Ser prehistórico

De todas formas, los fines de semana Susi venía a estar con nosotros en el mar. La sirena llegaba y las olas se hacían más bellas. Los paseos por la playa pasaban de ser solitarios a compartidos. Dos modalidades diferentes a las cuales estoy acostumbrado en mi vida con ella.

En Montauk la playa y el mar lo eran todo para mí. Aunque, existía una piscina que atraía de forma especial a mis hijos. Una piscina grande y profunda de agua caliente con un trampolín que hacía sus delicias y las del amigo americano que vivía con nosotros: Duncan. Duncan había coincidido, años antes, con mi hijo, Adi, en un colegio de Manhattan y eran buenos amigos. Se podían pasar horas en el agua por su temperatura caribeña.

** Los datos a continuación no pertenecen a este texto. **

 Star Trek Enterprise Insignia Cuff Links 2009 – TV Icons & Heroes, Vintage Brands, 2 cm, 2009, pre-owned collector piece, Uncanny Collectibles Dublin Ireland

La piscina se encontraba en la casa de Julian Schnabel, el pintor y cineasta, amigo nuestro. Conocíamos a su mujer, Olatz, y después lo conocimos a él. Tenía hijos de la edad de los nuestros y el surf invadía la atmósfera de amaneceres y atardeceres.
Tengo que reconocer que yo cogía las olas a pelo, lo que los americanos, en su afán de conseguir el significado sintético en una palabra única, llaman “body-surfing”. Para mí, estar con el cuerpo sumergido en la ola, salvo la cabeza expectante, me parecía más salvaje o al menos así lo sentía, que tener que subirme a una tabla con la incomodidad, esfuerzo y pericia que ello suponía. Aunque, la verdad, envidiaba a los que lo hacían pero yo a mí manera me consideraba más prehistórico.